Alabama lawmakers seek to streamline adoption process in next session

MONTGOMERY, Alabama (AS TO) – Alabama lawmakers say streamlining the state’s adoption process will be a top priority for this legislative session.
This comes after Alabama’s abortion ban went into effect last June following the Supreme Court’s overturning of Roe v. Wade.
Representative Ginny Shaver says it takes an average of two years for a child in foster care to find a forever home, with much of that time spent in court trying to end parental rights.
“It’s a long time in a kid’s life waiting for permanency,” Shaver (R-Leesburg) said.
Shaver chairs the House Children & Senior Advocacy Committee and plans to sponsor a bill to make it easier and faster to pass.
“We want to do more to provide alternatives and advertise those alternatives and make things easier and better for women and girls who end up with unplanned pregnancies,” Shaver said.
Shaver says the details of the bill are still being discussed. Meanwhile, those in the Alabama Department of Human Resources, which oversees the state’s foster care and adoption system, say some areas of the process could be improved.
Deputy Commissioner for Children and Family Services Karen Smith said one improvement was in responding to probate courts’ requirement that adoptive parents must release information about unknown fathers before the birth. ‘adoption.
“We have already terminated parental rights over our adoptive children for their unknown or known fathers, but now on the probate side adoptive parents have to pay to post again for unknown fathers. So that’s an area we’re interested in,” Smith said.
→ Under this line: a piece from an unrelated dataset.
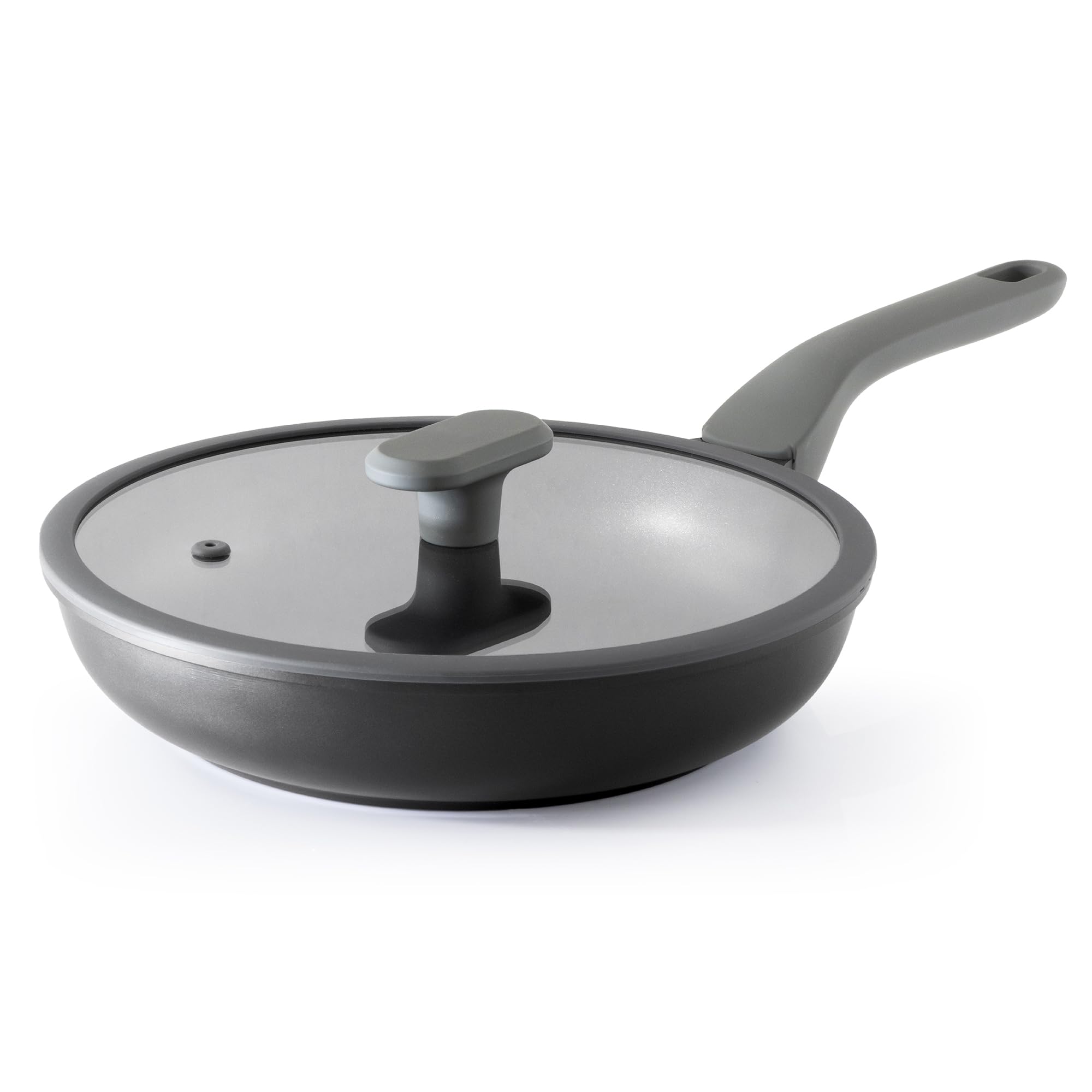 Photo 1 of PRICUSIS Nonstick Ceramic Frying Pan with Lid, 8/10 Inch Skillet with Stay Cool Handle, Fully Coated, Induction Compatible & Oven Safe, 100% Dishwasher Safe, PTFE & PFOA Free?8 Inch, Black Sesame?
Smith says another part that adds to adoption deadlines is that potential fathers be notified. A third area, she says, prohibits 18-year-olds from consenting to adoption.
“Again, we haven’t seen the final version, but we’re told this new bill will take care of all three of those issues,” Smith said.
Shaver says she expects the bill to be introduced early in the session.
The Alabama Department of Human Resources currently oversees approximately 5,700 foster children, 225 of whom are awaiting adoption.